It's that time of year again, and stories about the IBJJF and it's various shortcomings are flying fast and furious. Before you can understand these kinds of problems, it's necessary to understand how the IBJJF came to be, and why a private corporation masquerading as the World Governing Body of a sport is bound to lead to conflict of interest and the appearance of impropriety. This is a little long, and will come in parts.
Primer on the Organizational History of Jiu-Jitsu in Brazil (pt 1)
In order to understand the origin of the IBJJF and it’s policies, it is necessary (Really) to understand a goodly portion of the history of Professional Jiu-Jitsu in Brazil. I wish there was an easier way, but there is not. That said, it is a fascinating story with it’s own rewards. I think it is safe to say that when you have finished reading this article, you will know more about the history of Jiu-Jitsu in Brazil, and the IBJJF in particular, than the vast majority of people involved in the US sport scene. I will try to keep this interesting and painless.
In the 1920’s and 1930’s there were several active professional Jiu-Jitsu fighters teaching in Brazil; among these were Geo Omori, Takeo Yano, and of course Maeda and the Gracies. Professional Jiu-Jitsu, like all fighting sports belonged to a single Confederação (Confederação Brasileira de Pugilismo) and its respective federações (Federação Carioca de Pugilismo, Federação Paulista de Pugilismo, Federação Bahiana de Pugilismo and so forth, for each state). This system of Federations under a Confederation, analogous to the Association of Boxing Commissions, controlled all fighting sports in Brazil (boxing, wrestling, capoeira, jiu-jitsu, judo, karate etc.), and regulated Jiu-jitsu matches between professionals, Japanese and non-Japanese; Maeda students and non-Maeda students, were often held in the prelims of vale-tudo cards.
Initially, the Gracies, Carlos and Helio in particular, were not keen on having a sportive Confederation or Federation system because they had just a single academy (in the 1950's and 1960's, the famous Academia Gracie at Av. Rio Branco, 171, in Rio's financial center), and they strictly forbid their students to teach elsewhere until the 1960's. With most of the Rio-based players under one roof, inter-school competition was uncommon, a few contests with the Fadda Academy being the notable exception. At this point, a competition circuit was not really a priority.

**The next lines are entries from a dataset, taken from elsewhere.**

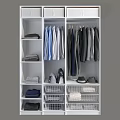 Open Wardrobe Organized With Hanging Shirts Coats Folded Clothes And Storage Baskets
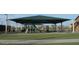 Well maintained playground with a large shade structure in a Gathering friendly neighborhood at 41961 W Centennial Rd, Maricopa, AZ 85138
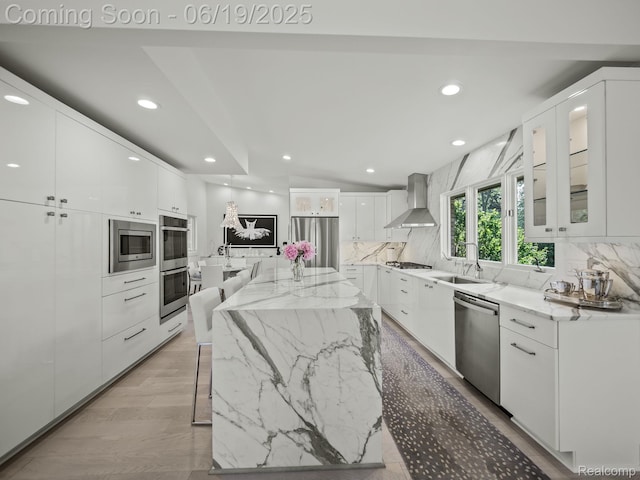 6420 Apple Grove Ln, Bloomfield Hills, MI 48301 - kitchen featuring stainless steel appliances, wall chimney range hood, backsplash, white cabinets, and modern cabinets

In 1965 Carlson united with rival Ivan Gomes and his financial backer, and opened the first splinter school, at Rua Toneleiros, Copacabana. The new Academy failed a year later, and Carlson returned to work with his uncle Helio, at Academia Gracie. In 1968, however, Carlson made a considerable amount of money fighting undefeated Vale Tudo legend Euclides Pereira, in Salvador, Bahia. Although Carlos was defeated (decision), and Pereira’s manager saw an opportunity, and diverted part of his fighter’s purse to Carlson for the purpose of opening an independent Academy in Rio (Pereira was going to open his own school in the north-east). Carlson opened his Academy and was now in direct competition with Carlos and Helio's Academia Gracie . Rolls Gracie acted as a link between Carlson's school and Helio's school, and the competition between the two academies, and between Carlson's and Roll's students was considerable.
At this point the flood gates opened and many of the Gracie’s students began opening schools of their own. Jaildo Gomes sold his school to Helio Gracie student (and UFC I referee) Helio Vígio. Armando Wriedt opened a school, as did João Alberto Barreto, with his brother, Álvaro.

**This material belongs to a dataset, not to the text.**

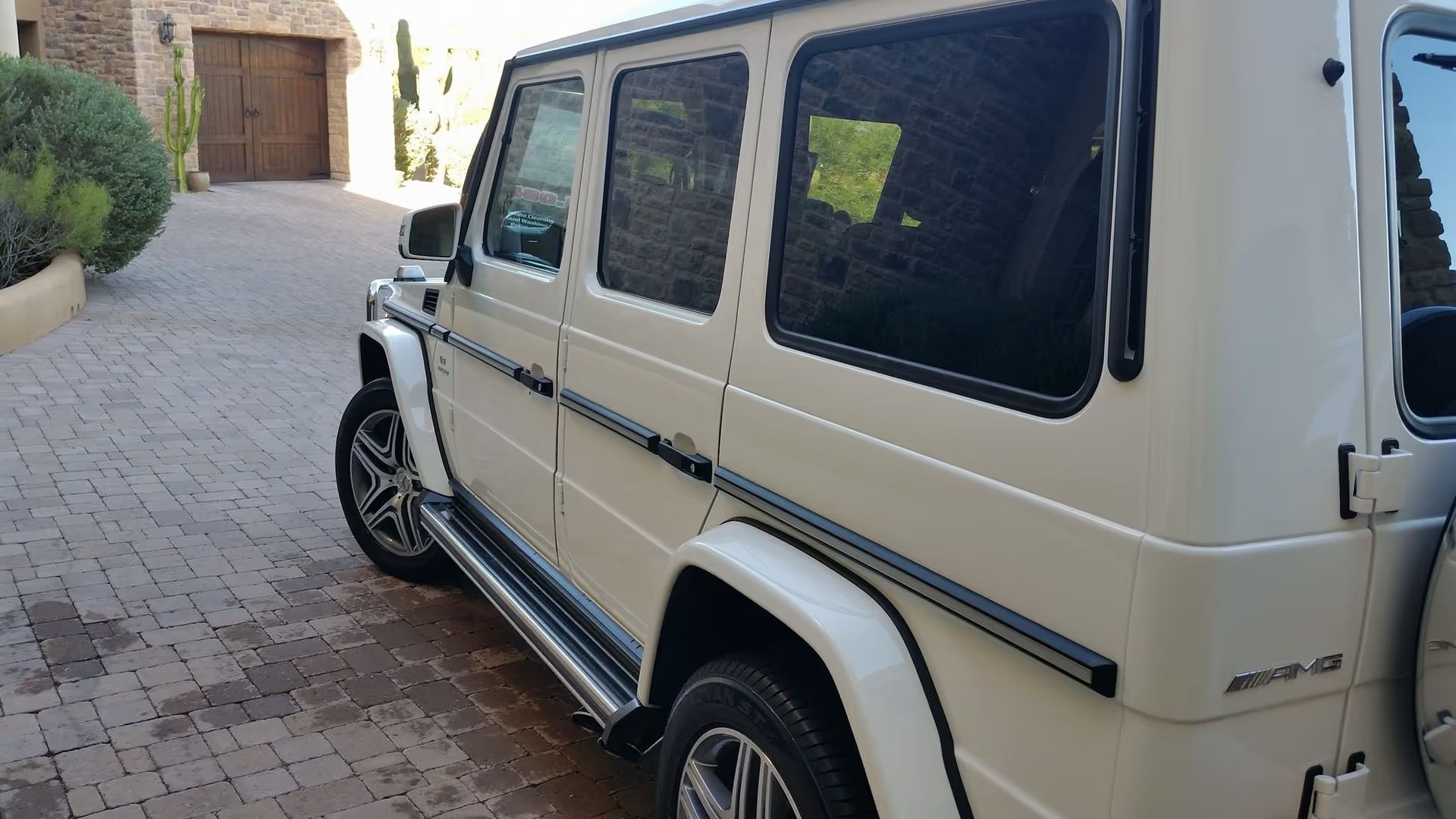 White SUV parked on a cobblestone driveway beside a building wall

Suddenly, with competing academies all over the Rio area, a Federation was needed. The Gracies set to work using their considerable influence with the political class to free Jiu-Jitsu from the Pugilismo system, no easy task, as the system was controlled by influential people.
The Rio de Janeiro Federation was formed under the name Federação de Jiu-Jitsu do Estado do Rio de Janeiro (Jiu-Jitsu Federation of the State of Rio de Janeiro), controlled by Carlos, Helio (as Technical Director), and certain elder students such as João Alberto Barreto who was instrumental in formulating the curriculum and competition rules. In addition to defininy the sportive aspect, the new federation was created to be the official certifying entity for the Gracie's system of Jiu-Jitsu, controlling all teaching certification, as well as all promotions to the rank of black belt and above; a function it retains to this day. This is where you will find the rank registration for Carlos Sr, Carlos Jr, Helio, Oswaldo, Rorion, Carlson, and even the younger generation (Kyra, Ryan, etc.)